ASSIGNMENT:
Starting with the line that contains "Para pedagang dan", copy each line exactly through the end of the listing, and omit all pictures.

INFORMATION PROVIDED:
**********

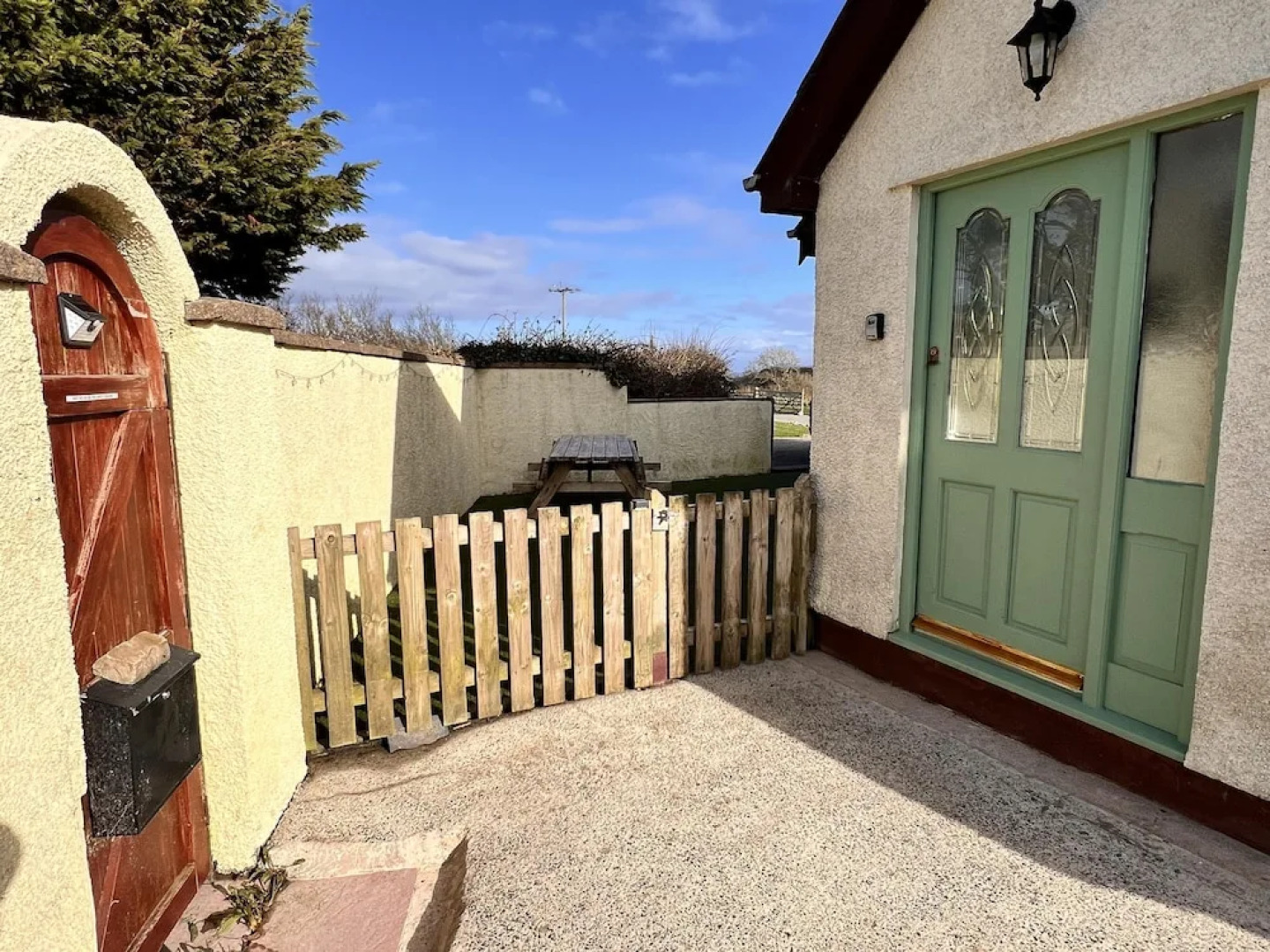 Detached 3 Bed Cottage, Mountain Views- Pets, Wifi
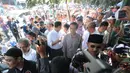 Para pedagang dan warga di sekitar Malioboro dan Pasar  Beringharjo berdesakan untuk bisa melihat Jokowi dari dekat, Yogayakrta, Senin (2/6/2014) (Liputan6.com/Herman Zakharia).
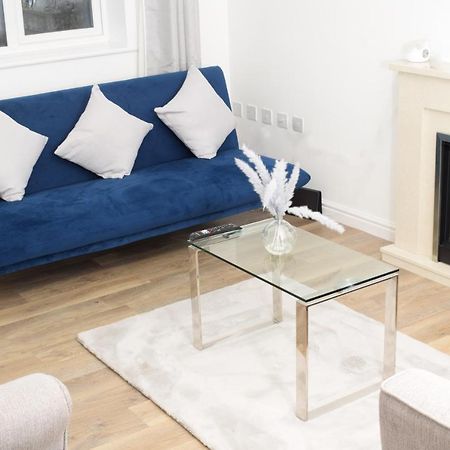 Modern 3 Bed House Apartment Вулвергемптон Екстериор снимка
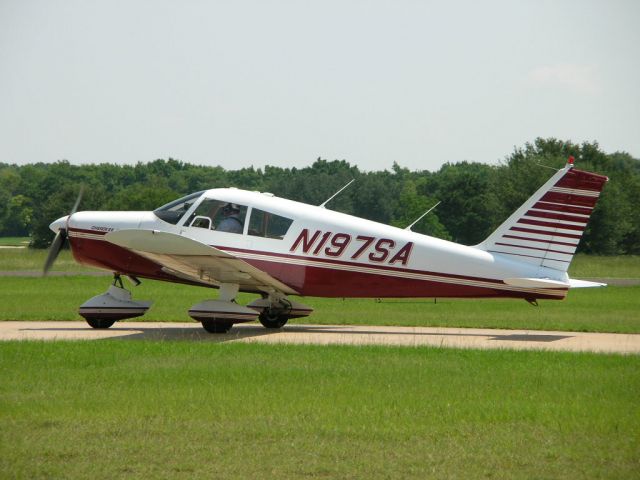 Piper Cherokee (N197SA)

**********

TASK OUTPUT:
 Para pedagang dan warga di sekitar Malioboro dan Pasar  Beringharjo berdesakan untuk bisa melihat Jokowi dari dekat, Yogayakrta, Senin (2/6/2014) (Liputan6.com/Herman Zakharia).
 Modern 3 Bed House Apartment Вулвергемптон Екстериор снимка
 Piper Cherokee (N197SA)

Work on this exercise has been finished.